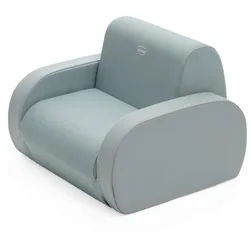 Chicco Kindersessel , Pastellgrün , Textil , 50x30x38 cm , zur Liege umfunktionierbar, Bezug abnehmbar und waschbar , Babymöbel & Kindermöbel, Babyzimmer, Kindersessel & Kindertische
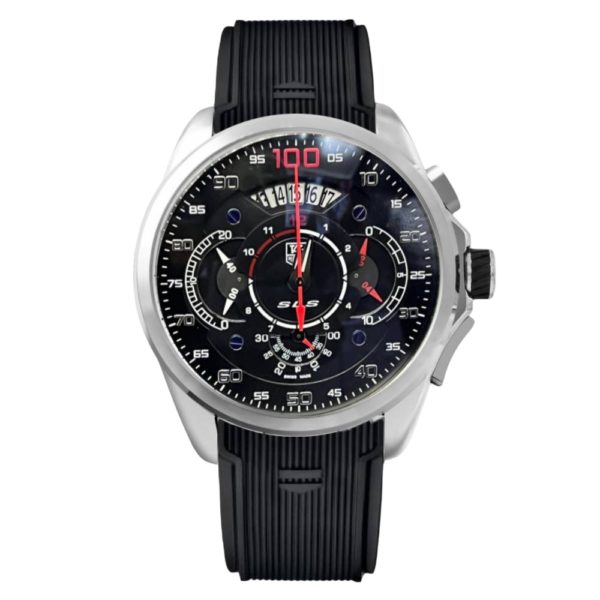 Фото 1 - Tag Heuer Grand Carrera 44mm Mercedes Benz SLS Art 1515
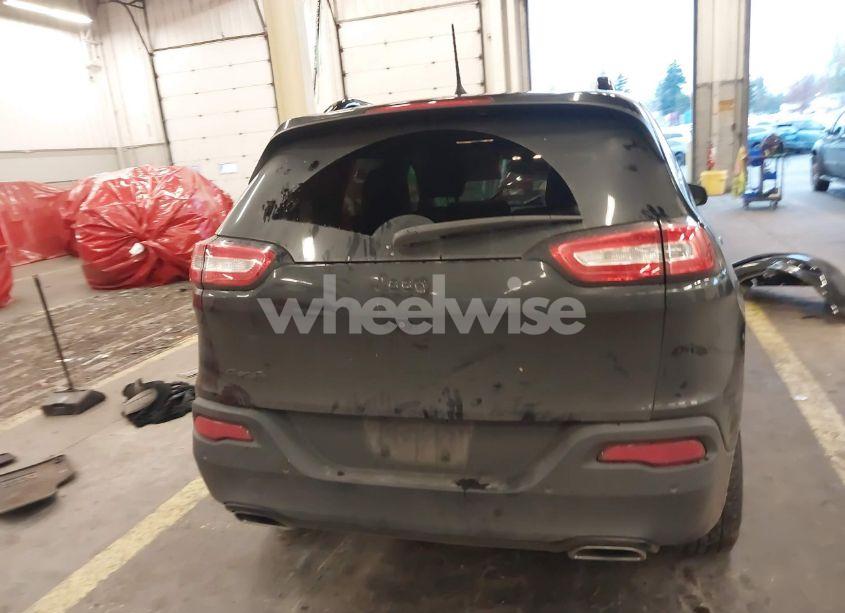 Photo 16 of 2016 Jeep Cherokee ALTITUDE (VIN 1C4PJMCS3GW197351)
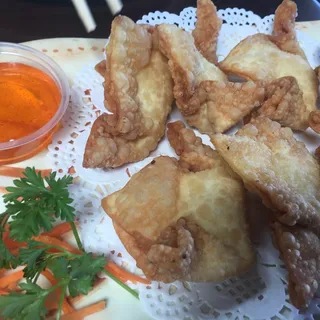 Crab Rangoon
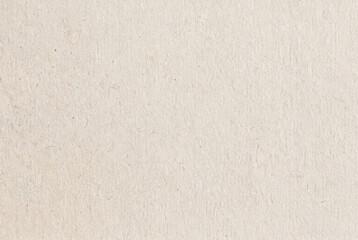 Fototapeta premium Light Beige Recycled Craft Paper Texture Background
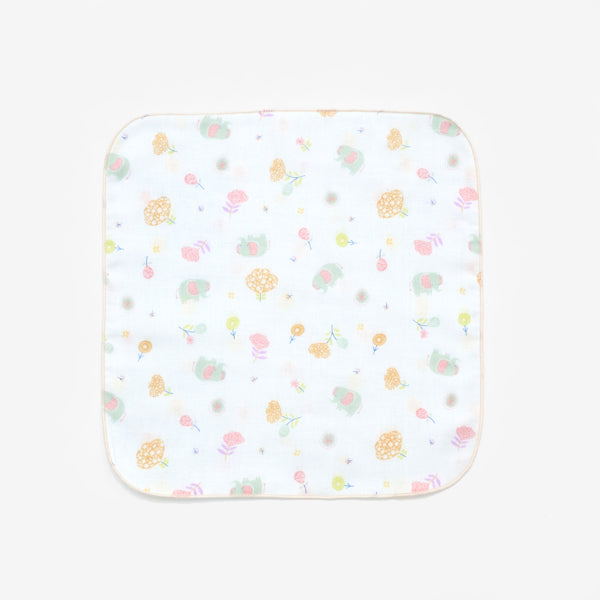 ガーゼハンカチ ベビーぞう – PG GAUZE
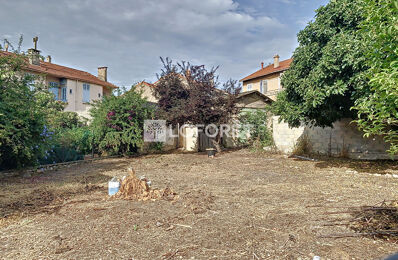 terrain  pièces 344 m2 à vendre à Marseille 13 (13013)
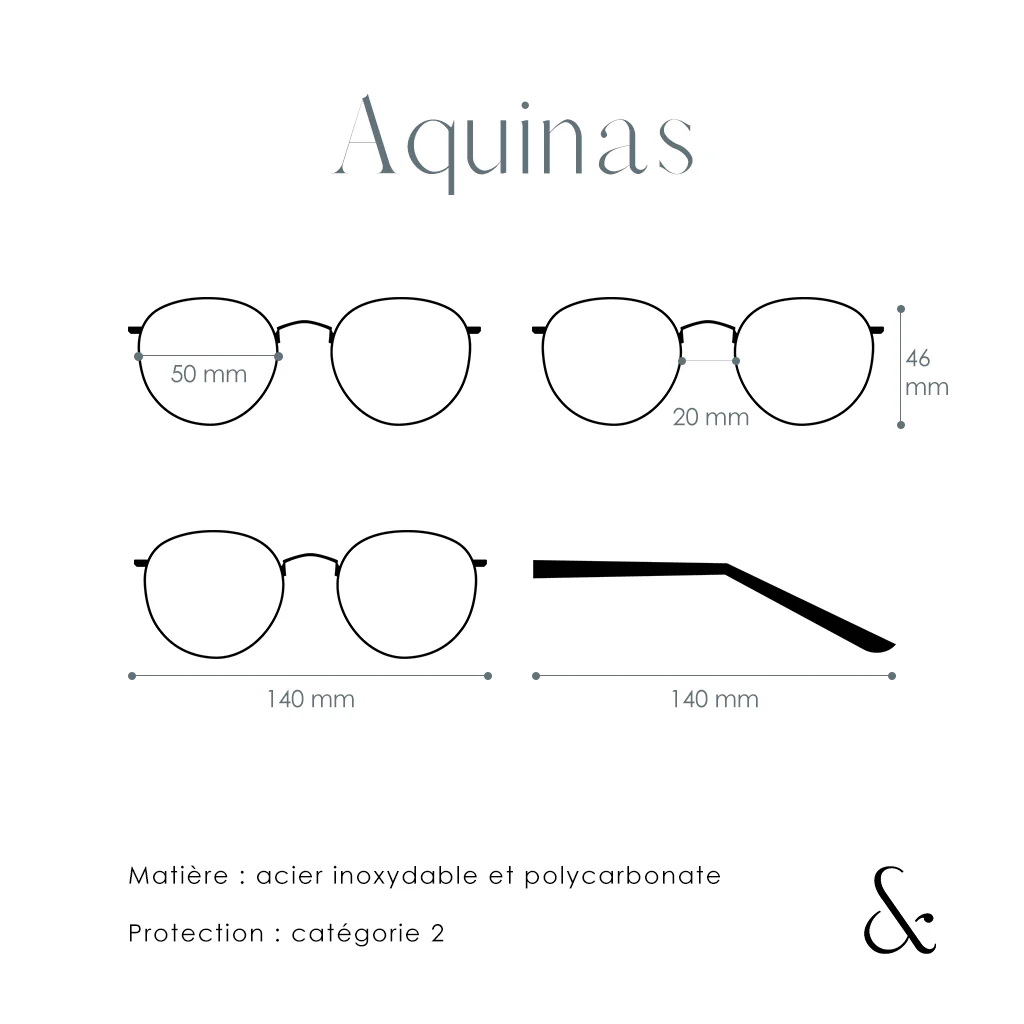 AQUINAS - noir rose – Image 4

What you should do:
Your answer should hold only the lines from the one with "Crab Rangoon" through the final line of the listing above, transcribed exactly and without pictures.

Response to this exercise:
 Crab Rangoon
 Fototapeta premium Light Beige Recycled Craft Paper Texture Background
 ガーゼハンカチ ベビーぞう – PG GAUZE
 terrain  pièces 344 m2 à vendre à Marseille 13 (13013)
 AQUINAS - noir rose – Image 4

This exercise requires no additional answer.